───── Input ─────

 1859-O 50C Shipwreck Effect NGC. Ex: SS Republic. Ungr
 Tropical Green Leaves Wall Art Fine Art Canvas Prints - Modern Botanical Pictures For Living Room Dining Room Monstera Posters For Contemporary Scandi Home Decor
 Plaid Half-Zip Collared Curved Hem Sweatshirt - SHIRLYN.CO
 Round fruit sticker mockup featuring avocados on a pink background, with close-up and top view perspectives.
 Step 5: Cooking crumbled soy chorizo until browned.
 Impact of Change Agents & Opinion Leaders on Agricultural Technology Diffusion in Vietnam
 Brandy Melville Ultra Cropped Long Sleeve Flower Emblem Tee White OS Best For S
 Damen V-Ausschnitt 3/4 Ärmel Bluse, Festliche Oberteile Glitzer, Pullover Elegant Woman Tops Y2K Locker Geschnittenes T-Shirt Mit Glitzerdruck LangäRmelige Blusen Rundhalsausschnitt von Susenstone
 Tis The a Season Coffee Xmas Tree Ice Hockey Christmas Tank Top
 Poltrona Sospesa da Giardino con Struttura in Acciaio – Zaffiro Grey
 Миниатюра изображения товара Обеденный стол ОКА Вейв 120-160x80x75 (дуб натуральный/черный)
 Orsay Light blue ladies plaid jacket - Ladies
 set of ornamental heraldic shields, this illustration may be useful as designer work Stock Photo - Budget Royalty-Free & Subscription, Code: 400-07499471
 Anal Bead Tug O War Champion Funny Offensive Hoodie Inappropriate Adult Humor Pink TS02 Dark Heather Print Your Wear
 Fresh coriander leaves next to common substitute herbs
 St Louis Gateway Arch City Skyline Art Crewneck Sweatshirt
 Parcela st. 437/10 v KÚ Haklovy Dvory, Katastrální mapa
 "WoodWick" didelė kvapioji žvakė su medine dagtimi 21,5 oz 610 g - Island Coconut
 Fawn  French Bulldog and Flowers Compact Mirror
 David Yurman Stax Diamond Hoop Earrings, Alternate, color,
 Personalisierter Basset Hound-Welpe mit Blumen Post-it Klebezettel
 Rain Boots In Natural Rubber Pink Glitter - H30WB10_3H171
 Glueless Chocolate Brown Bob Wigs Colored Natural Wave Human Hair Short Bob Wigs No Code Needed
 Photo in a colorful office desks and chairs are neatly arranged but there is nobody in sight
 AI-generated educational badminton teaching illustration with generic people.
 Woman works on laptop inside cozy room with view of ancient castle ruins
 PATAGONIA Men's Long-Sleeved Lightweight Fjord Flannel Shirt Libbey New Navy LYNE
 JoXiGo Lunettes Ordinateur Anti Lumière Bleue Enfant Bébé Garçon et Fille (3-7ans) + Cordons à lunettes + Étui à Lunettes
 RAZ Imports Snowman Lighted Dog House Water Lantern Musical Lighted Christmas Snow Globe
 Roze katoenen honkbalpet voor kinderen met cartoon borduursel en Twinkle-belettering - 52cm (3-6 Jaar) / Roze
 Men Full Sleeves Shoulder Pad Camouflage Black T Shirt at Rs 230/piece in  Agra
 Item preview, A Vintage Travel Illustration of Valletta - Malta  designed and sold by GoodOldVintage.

─────

:: Work item ::
Return what is listed above, exactly and completely.

:: Task output ::
 1859-O 50C Shipwreck Effect NGC. Ex: SS Republic. Ungr
 Tropical Green Leaves Wall Art Fine Art Canvas Prints - Modern Botanical Pictures For Living Room Dining Room Monstera Posters For Contemporary Scandi Home Decor
 Plaid Half-Zip Collared Curved Hem Sweatshirt - SHIRLYN.CO
 Round fruit sticker mockup featuring avocados on a pink background, with close-up and top view perspectives.
 Step 5: Cooking crumbled soy chorizo until browned.
 Impact of Change Agents & Opinion Leaders on Agricultural Technology Diffusion in Vietnam
 Brandy Melville Ultra Cropped Long Sleeve Flower Emblem Tee White OS Best For S
 Damen V-Ausschnitt 3/4 Ärmel Bluse, Festliche Oberteile Glitzer, Pullover Elegant Woman Tops Y2K Locker Geschnittenes T-Shirt Mit Glitzerdruck LangäRmelige Blusen Rundhalsausschnitt von Susenstone
 Tis The a Season Coffee Xmas Tree Ice Hockey Christmas Tank Top
 Poltrona Sospesa da Giardino con Struttura in Acciaio – Zaffiro Grey
 Миниатюра изображения товара Обеденный стол ОКА Вейв 120-160x80x75 (дуб натуральный/черный)
 Orsay Light blue ladies plaid jacket - Ladies
 set of ornamental heraldic shields, this illustration may be useful as designer work Stock Photo - Budget Royalty-Free & Subscription, Code: 400-07499471
 Anal Bead Tug O War Champion Funny Offensive Hoodie Inappropriate Adult Humor Pink TS02 Dark Heather Print Your Wear
 Fresh coriander leaves next to common substitute herbs
 St Louis Gateway Arch City Skyline Art Crewneck Sweatshirt
 Parcela st. 437/10 v KÚ Haklovy Dvory, Katastrální mapa
 "WoodWick" didelė kvapioji žvakė su medine dagtimi 21,5 oz 610 g - Island Coconut
 Fawn  French Bulldog and Flowers Compact Mirror
 David Yurman Stax Diamond Hoop Earrings, Alternate, color,
 Personalisierter Basset Hound-Welpe mit Blumen Post-it Klebezettel
 Rain Boots In Natural Rubber Pink Glitter - H30WB10_3H171
 Glueless Chocolate Brown Bob Wigs Colored Natural Wave Human Hair Short Bob Wigs No Code Needed
 Photo in a colorful office desks and chairs are neatly arranged but there is nobody in sight
 AI-generated educational badminton teaching illustration with generic people.
 Woman works on laptop inside cozy room with view of ancient castle ruins
 PATAGONIA Men's Long-Sleeved Lightweight Fjord Flannel Shirt Libbey New Navy LYNE
 JoXiGo Lunettes Ordinateur Anti Lumière Bleue Enfant Bébé Garçon et Fille (3-7ans) + Cordons à lunettes + Étui à Lunettes
 RAZ Imports Snowman Lighted Dog House Water Lantern Musical Lighted Christmas Snow Globe
 Roze katoenen honkbalpet voor kinderen met cartoon borduursel en Twinkle-belettering - 52cm (3-6 Jaar) / Roze
 Men Full Sleeves Shoulder Pad Camouflage Black T Shirt at Rs 230/piece in  Agra
 Item preview, A Vintage Travel Illustration of Valletta - Malta  designed and sold by GoodOldVintage.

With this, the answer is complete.